# can i freeze my cold smoked salmon



## stringman (Apr 3, 2017)

Hi all

just finished my first cold smoke of a 1lb of salmon fillet.

Only thinking 1 stage at a time I froze the salmon, defrosted it, dry cured it for 24 hours, 12 hours pellicure and about 10 hours smoke.

Its very nice for a 1st attempt but I am unsure if I can freeze it or not?

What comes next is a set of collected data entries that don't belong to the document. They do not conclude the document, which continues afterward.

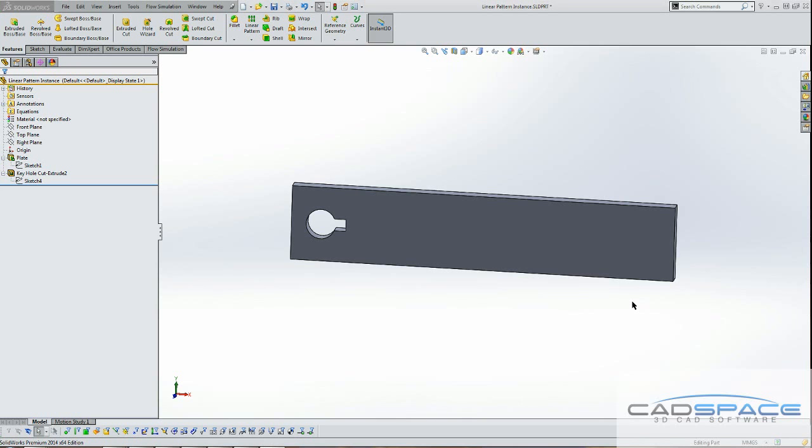Hi, welcome to another blog video by Gaspace. My name is Steve Kinoshida. Today we're going to see how to use some of the functions available in the Linear Pattern feature to customize some of the instances.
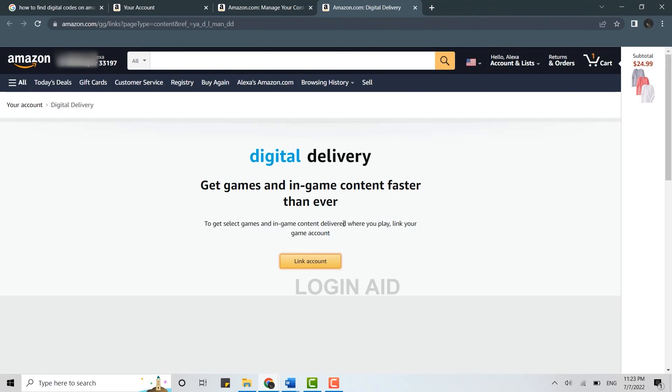So this is where you will be able to find the digital codes on Amazon. Hope this video was useful. Please like and subscribe the Logging Aid channel and also don't forget to click the bell icon. Thank you.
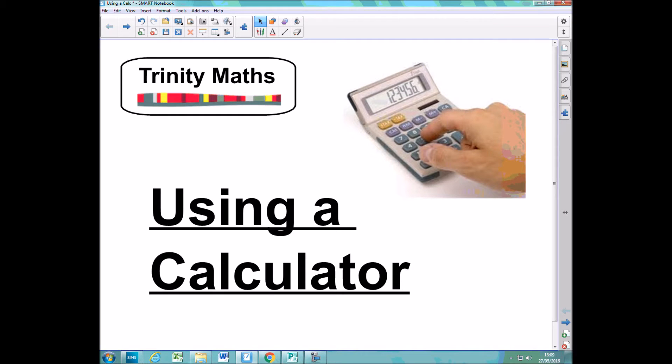In this video I'm going to show you how to use your calculator a little bit more efficiently, and also look at the exam questions where you're asked to use a calculator and round your answers.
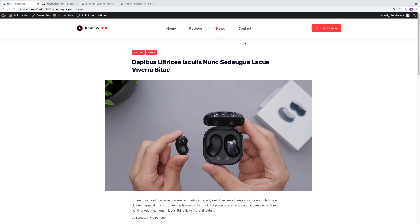Welcome to Builderwebs, and in today's video I'll be showing you how you can add a featured image to a WordPress post.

if not how long should it keep in a airtight container in the fridge?

Many thanks


----------



## atomicsmoke (Apr 3, 2017)

You can freeze. Preferable vacuum pack. If not too moist will keep in the fridge,in tbe container one week. If vac pack 2 weeks at least.


----------



## myownidaho (Apr 3, 2017)

If you vacuum seal before you freeze, it can last up to a couple of years.


----------



## stringman (Apr 3, 2017)

I haven't go a vacuum pack yet so single portions in clingfilm in the freezer?


----------



## dirtsailor2003 (Apr 3, 2017)

If you double or triple wrap with your cling wrap it will last up to 6 months in the freezer. But after that it will start to get freezer burn.


----------



## cmayna (Apr 3, 2017)

Yes you can freeze cold smoked Salmon.   I will be doing it again, very soon.


----------